Autoduck: VLM-based Autonomous Navigation in Duckietown

Posted on September 12, 2025 | by Duckietown Admin

Autoduck: VLM-based Autonomous Navigation in Duckietown

Project Resources

Dual-Mode Autonomous Navigation in Duckietown using VLM - the objectives

This project aims to implement an autonomous navigation system on the Duckiebot DB21J platform within Duckietown to enable vision-based control and decision-making using VLM (Vision Language Model).

The system integrates calibrated camera intrinsics and extrinsics, motor gain and trim calibration, ROS nodes for perception and control, AprilTag-based semantic localization, stop line detection, lane filter for lateral pose estimation, finite state machine for state transitions, PID controllers for velocity and steering regulation, and quantized Qwen 2.5 models for multimodal inference on embedded hardware.

The work establishes a reproducible pipeline for benchmarking navigation algorithms, enabling analysis of trade-offs between model size, inference latency, memory limits, communication overhead, and control cycle timing in real-time robotic systems.

VLM in Duckietown - visual project highlights

The technical approach and challenges

This approach, at the technical level, involves:

The method integrates calibrated camera intrinsics and extrinsics for distortion correction and frame alignment, motor gain and trim calibration for odometry consistency, and ROS-based perception nodes for lane filtering, stop line detection, obstacle recognition, and AprilTag-based pose estimation. Control nodes implement PID regulators for velocity and steering, parameterized turning primitives, and synchronized execution through a finite state machine that coordinates lane following, intersection stopping, turning maneuvers, and recovery states. Sensor fusion combines camera streams, encoder feedback, and ToF measurements for robust decision inputs.

Quantized Qwen 2.5 vision-language models were deployed with llama.cpp, configured with reduced context window and batch size to match GPU memory limits. The models were evaluated for trajectory planning and visual reasoning tasks, with both 7B and 3B variants tested under quantization schemes. Integration required Docker containerization for portability and ROSBridge for monitoring and remote interaction.

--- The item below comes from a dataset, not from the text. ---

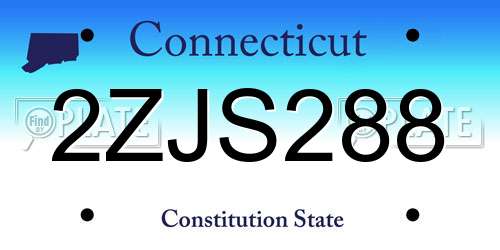 2ZJS288 Connecticut License Plate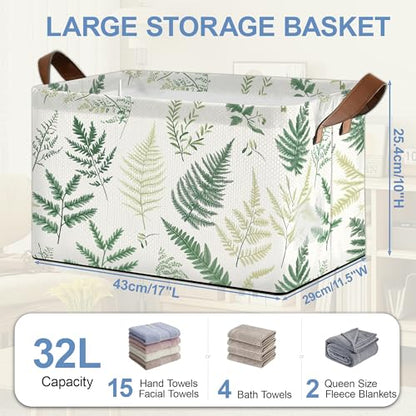 Fern Herbs Storage Baskets,Botanical Leaf Foldable Organizer Bin with Handles for Home Living Room Bedroom Closet Box 17x11.5x10Inch - color: Fern Herbs Botanical Leaf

Challenges included GPU memory capacity restricting larger model execution, inference latency exceeding 100 ms control cycle requirements, CUDA feature mismatches across builds, and instability in container runtimes on the NVIDIA Jetson Nano platform. These issues necessitated systematic parameter tuning of controllers, quantization of VLMs to GGUF formats, pruning strategies to reduce computation load, and hybrid offloading of visual reasoning to external compute nodes while maintaining low-level perception and control locally. Additional constraints involved balancing message-passing overhead in ROS, synchronization delays between perception and control nodes, and variability in inference reproducibility across different hardware builds.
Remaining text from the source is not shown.